Es en general cierto que la significatividad psíquica de una pulsión aumenta cuando es frustrada.
Creo que, por extraño que suene, habría que ocuparse de la posibilidad de que haya algo en la naturaleza de la pulsión sexual misma desfavorable al logro de la satisfacción plena. Se destacan enseguida dos factores a los que se podría responsabilizar de esa dificultad. En primer lugar, a consecuencia de la acometida de la elección de objeto en dos tiempos separados por la interposición de la barrera del incesto, el objeto definitivo de la pulsión sexual ya no es nunca el originario, sino sólo un subrogado de este.
En segundo lugar, sabemos que la pulsión sexual se descompone al principio en una gran serie de componentes no todos los cuales pueden ser acogidos en su conformación ulterior, sino que deben ser sofocados antes o recibir otro empleo. Sobre todo los elementos pulsionales coprófilos demuestran ser incompatibles con nuestra cultura estética. Los genitales mismos no han acompañado el desarrollo hacia la belleza de las formas del cuerpo humano; conservan un carácter animal. Las pulsiones amorosas son difíciles de educar. Lo que la cultura pretende hacer con ellas no parece asequible sin seria aminoración del placer, y la pervivencia de las mociones no aplicadas se expresa en el quehacer sexual como insatisfacción.

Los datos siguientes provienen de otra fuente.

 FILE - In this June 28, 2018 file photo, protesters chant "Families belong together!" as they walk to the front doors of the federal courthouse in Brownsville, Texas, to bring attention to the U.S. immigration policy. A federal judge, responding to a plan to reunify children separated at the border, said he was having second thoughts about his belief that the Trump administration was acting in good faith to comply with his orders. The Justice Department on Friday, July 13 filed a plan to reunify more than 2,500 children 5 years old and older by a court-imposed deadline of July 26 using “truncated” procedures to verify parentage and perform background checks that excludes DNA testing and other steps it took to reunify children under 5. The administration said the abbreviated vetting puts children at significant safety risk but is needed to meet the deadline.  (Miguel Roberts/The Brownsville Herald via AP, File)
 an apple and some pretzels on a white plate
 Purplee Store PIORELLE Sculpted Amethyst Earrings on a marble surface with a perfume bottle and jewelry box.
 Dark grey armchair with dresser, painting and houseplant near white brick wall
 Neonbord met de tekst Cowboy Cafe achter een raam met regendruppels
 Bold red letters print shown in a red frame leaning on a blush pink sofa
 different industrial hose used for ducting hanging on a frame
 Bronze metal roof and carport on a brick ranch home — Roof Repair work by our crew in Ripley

Por todo ello, acaso habría que admitir la idea de que en modo alguno es posible avenir las exigencias de la sexualidad con los requerimientos de la cultura, y serían inevitables la renuncia y el padecimiento, así como, en un lejano futuro, el peligro de extinción del género humano a consecuencia de su desarrollo cultural. Es verdad que esta sombría prognosis descansa en una única conjetura: la insatisfacción cultural sería la necesaria consecuencia de ciertas particularidades que la pulsión sexual ha cobrado bajo la presión de la cultura. Ahora bien, esa misma ineptitud de la pulsión sexual para procurar una satisfacción plena tan pronto es sometida a los primeros reclamos de la cultura pasa a ser la fuente de los más grandiosos logros culturales, que son llevados a cabo por medio de una sublimación cada vez más vasta de sus componentes pulsionales. En efecto, ¿qué motivo tendrían los seres humanos para dar otros usos a sus fuerzas pulsionales sexuales si de cualquier distribución de ellas obtuvieran una satisfacción placentera total? Nunca se librarían de ese placer y no producirían ningún progreso ulterior. Parecería, pues, que la insalvable diferencia entre los requerimientos de ambas pulsiones -las sexuales y las egoístas- habilitara para logros cada vez más elevados, es verdad que bajo una permanente amenaza (a la que en el presente sucumben los más débiles) en la forma de la neurosis.